# Task goal
Copy the records below word for word, from the first line through the line that contains "So I have my", and leave out any pictures.

------ Data for the task ------

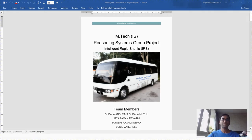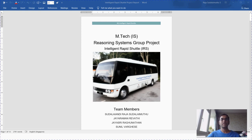Hi, welcome. I am Raja, part of AIA Voyages team. We are a four members team. Our team members are myself, Revathi, Jayashree and Sunil.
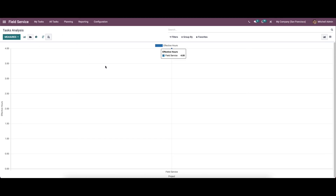So the field service in Odoo 15 helps you to manage and organize all operations concerning the on-site work. So we have been discussing about the features and functions of field service in Odoo 15. So that's all about the video.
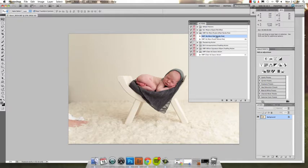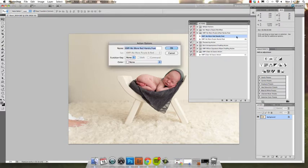So I have my No More Red Hands and Feet action here. To assign a function key to an action, you go ahead and double-click on the action. In this box will appear your action options.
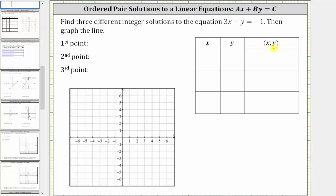To find the ordered pair solutions, we normally select the x values or inputs, and then determine the corresponding y values. In this case, we do want integer solutions. Let's let x equal zero, x equal one, and x equal two. To find the corresponding y value, we substitute the given x value for x and then solve for y.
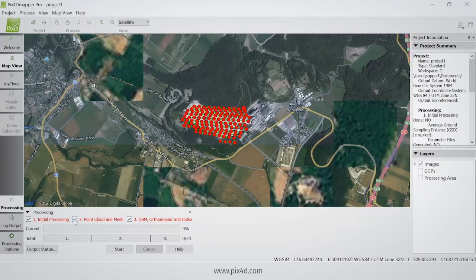In my case I'm going to choose all three of them to get all the outputs immediately at the end of the processing, and I'm going to click start. And that's how you get your first Pix4D Mapper project.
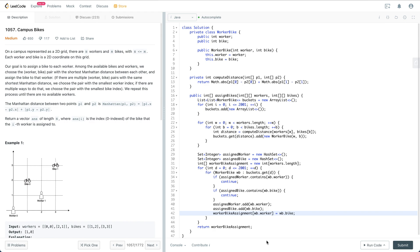Among the available bikes and workers, we choose the worker-bike pair with the shortest Manhattan distance between each other and assign that bike to the worker. If there are multiple worker-bike pairs with the same shortest Manhattan distance, choose the pair with the smallest worker index. If there are multiple ways to do that, choose the pair with the smallest bike index.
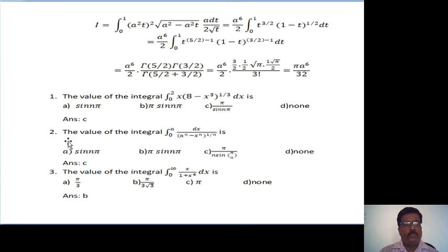The second problem: the value of the integral from 0 to a, dx divided by (a raised to n minus x raised to n) raised to 1/n. Options: (1) sin(nπ), (2) π sin(nπ), (3) π divided by sin(nπ), (4) none. The third problem: the value of the integral from 0 to infinity, x divided by (1 plus x) raised to 6, dx. Options: (1) π/3, (2) π over root 3, (3) π, (4) none.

------

# Exercise result
Hi, welcome. I am Raja, part of AIA Voyages team. We are a four members team. Our team members are myself, Revathi, Jayashree and Sunil.
So the field service in Odoo 15 helps you to manage and organize all operations concerning the on-site work. So we have been discussing about the features and functions of field service in Odoo 15. So that's all about the video.
So I have my No More Red Hands and Feet action here. To assign a function key to an action, you go ahead and double-click on the action. In this box will appear your action options.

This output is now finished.